For the small tables that are used to limit some choices (countries, categories, things like that) I have created 1 page that loads the requested table and allows the user to add/delete/edit the properties using only Ajax calls.
When the page is loaded, the user gets a dropdownlist with all tablenames. When submitted, the following code is triggered:
public PartialViewResult OpenConfig(string SelectID)
{
using (DBconnection db = new DBconnection())
{
switch (SelectID)
{
case "---":
return null;
case "1":
var countries = (from x in db.tbl_CountriesSet select x).ToList();
return PartialView("Countries", countries);
case "2":
var supplierstatus = (from x in db.tbl_SupplierStatusSet select x).ToList();
return PartialView("Supplierstatus", supplierstatus);
case "3": .....
}
}
}
Here's where it gets interesting.
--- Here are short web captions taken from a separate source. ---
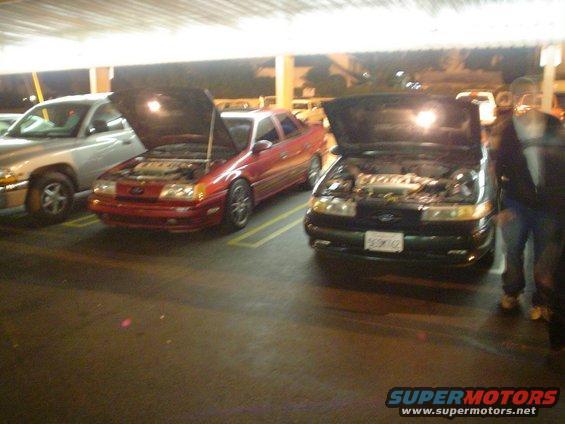 Two sedans, one red and one dark green, parked side-by-side with hoods open. A silver SUV is parked to the left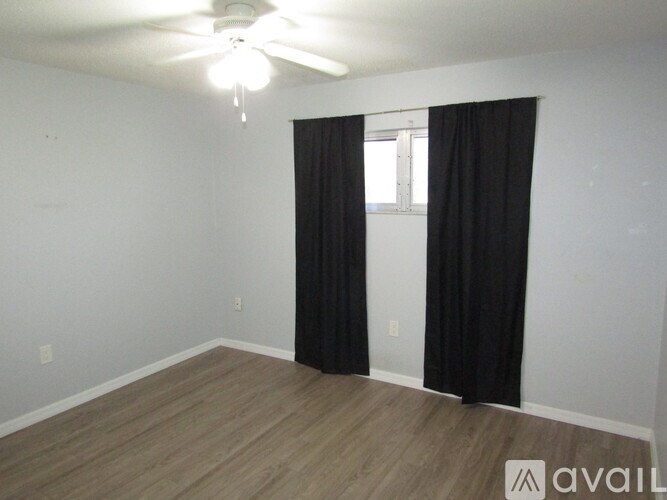 A room with a ceiling fan and a window with black curtains.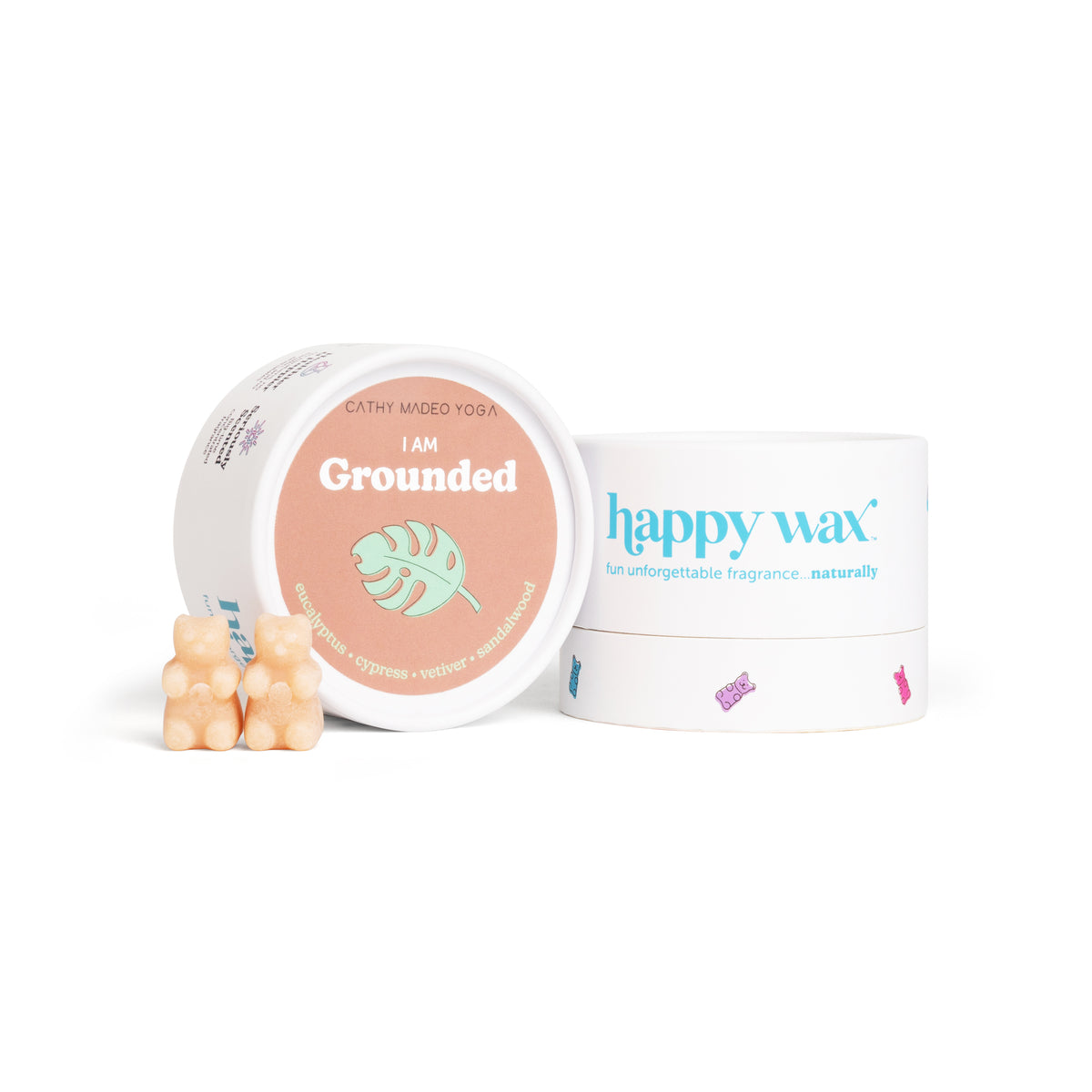 White container with peach-colored "I am Grounded" label, happy wax branding, and two cream-colored wax melts displayed in fr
Suppose I open the Countries window, it loads correctly, I am able to add/edit/delete a country. These entries are updated on the page using jQuery, and concurrently an Ajax call is used to updated the database. Both of these work fine, both the database is updated and the page. I can keep working and all changes are reflected in both the page and the db, the issues starts when reloading the partial view.
When I select the Countries value in the dropdownlist and submit it again, the program just skips the method shown above and displays the same partial view it showed me when I first requested the list.
I set a breakpoint in the method, if I load something I haven't loaded before it gets triggered, but not for pages I already requested.
In Firefox, this works and the partial view is updated (and the breakpoint is triggered), but in Internet Explorer, my controller is completely ignored ans it keeps displaying the same page (even when I go to a completely different page and then go back to the settings page).
Can anyone tell me how I can tell IE to explicitly reload the partial view containing the current database contents?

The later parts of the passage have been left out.